INSTRUCTIONS TO FOLLOW
Starting at the line below that contains "Bacon with pear — Stock Photo, Image" and ending at the line that contains "MAGNIVIT Men's Puffer", retype each line exactly as it stands, but omit the pictures.

GIVEN RECORDS
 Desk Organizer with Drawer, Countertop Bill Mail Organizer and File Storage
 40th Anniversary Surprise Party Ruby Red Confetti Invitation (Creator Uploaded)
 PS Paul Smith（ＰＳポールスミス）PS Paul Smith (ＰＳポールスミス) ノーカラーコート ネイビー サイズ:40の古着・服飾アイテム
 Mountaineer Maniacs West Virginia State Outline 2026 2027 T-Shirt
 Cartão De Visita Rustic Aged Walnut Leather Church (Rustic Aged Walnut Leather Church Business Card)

* * *

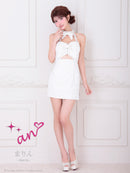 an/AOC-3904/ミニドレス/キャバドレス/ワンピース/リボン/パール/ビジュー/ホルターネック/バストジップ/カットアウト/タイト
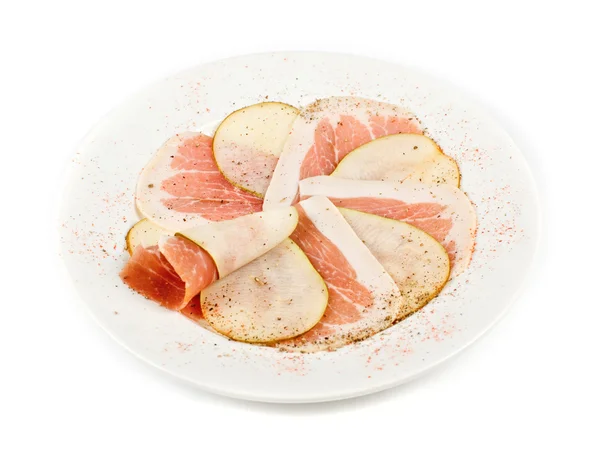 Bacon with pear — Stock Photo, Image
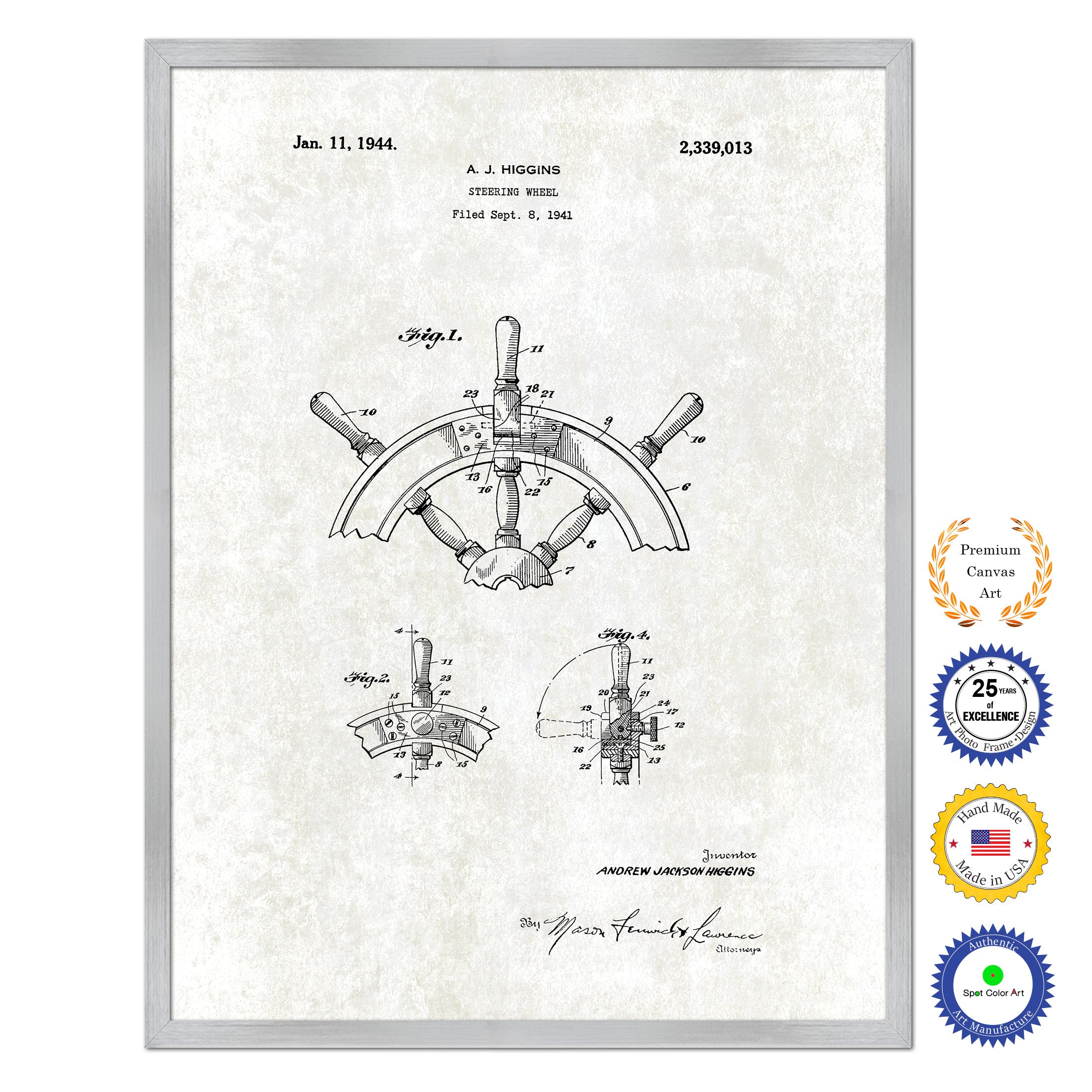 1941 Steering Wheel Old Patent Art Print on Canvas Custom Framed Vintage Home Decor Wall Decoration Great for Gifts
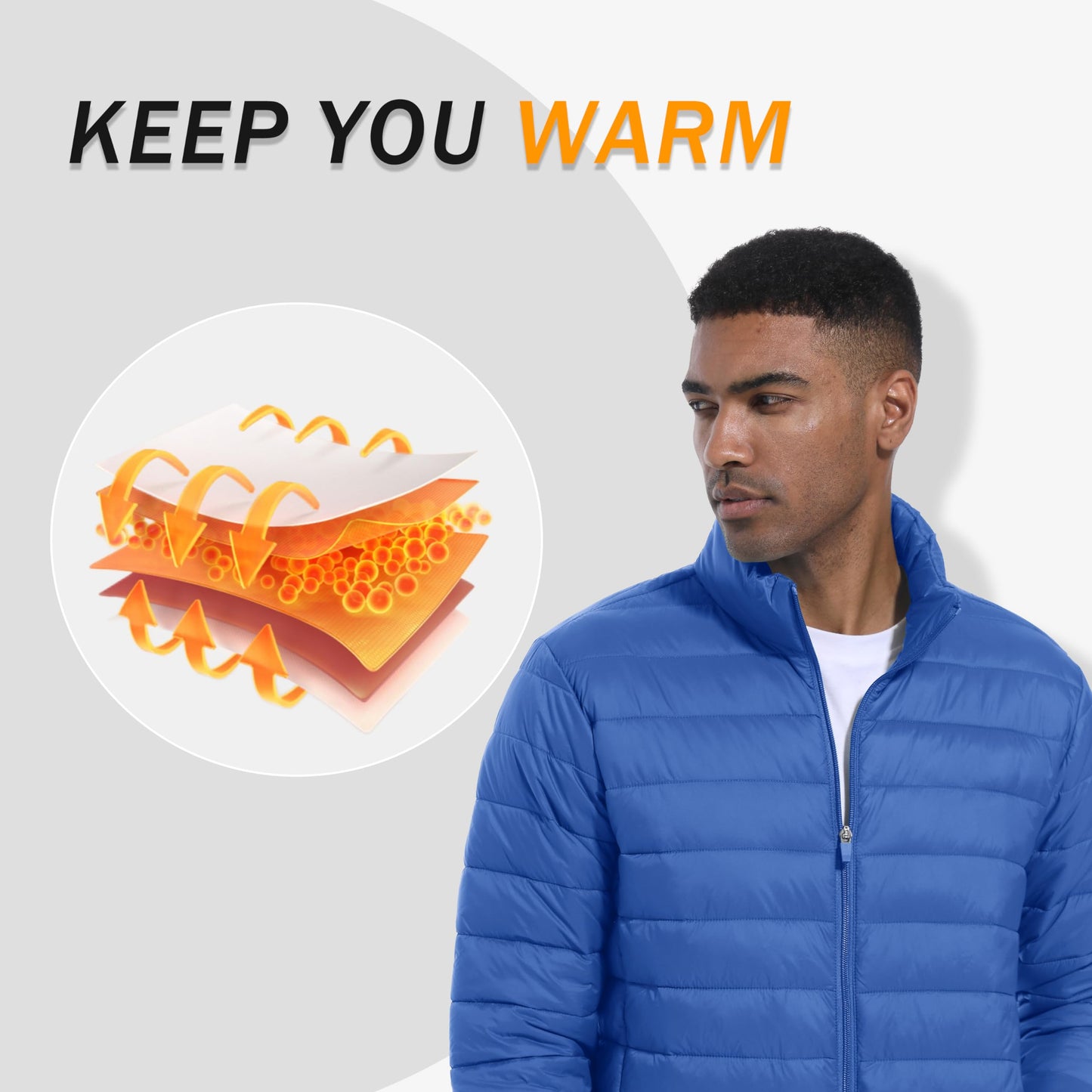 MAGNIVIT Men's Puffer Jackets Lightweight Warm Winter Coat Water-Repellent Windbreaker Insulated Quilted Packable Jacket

ANSWER BELOW
 Bacon with pear — Stock Photo, Image
 1941 Steering Wheel Old Patent Art Print on Canvas Custom Framed Vintage Home Decor Wall Decoration Great for Gifts
 MAGNIVIT Men's Puffer Jackets Lightweight Warm Winter Coat Water-Repellent Windbreaker Insulated Quilted Packable Jacket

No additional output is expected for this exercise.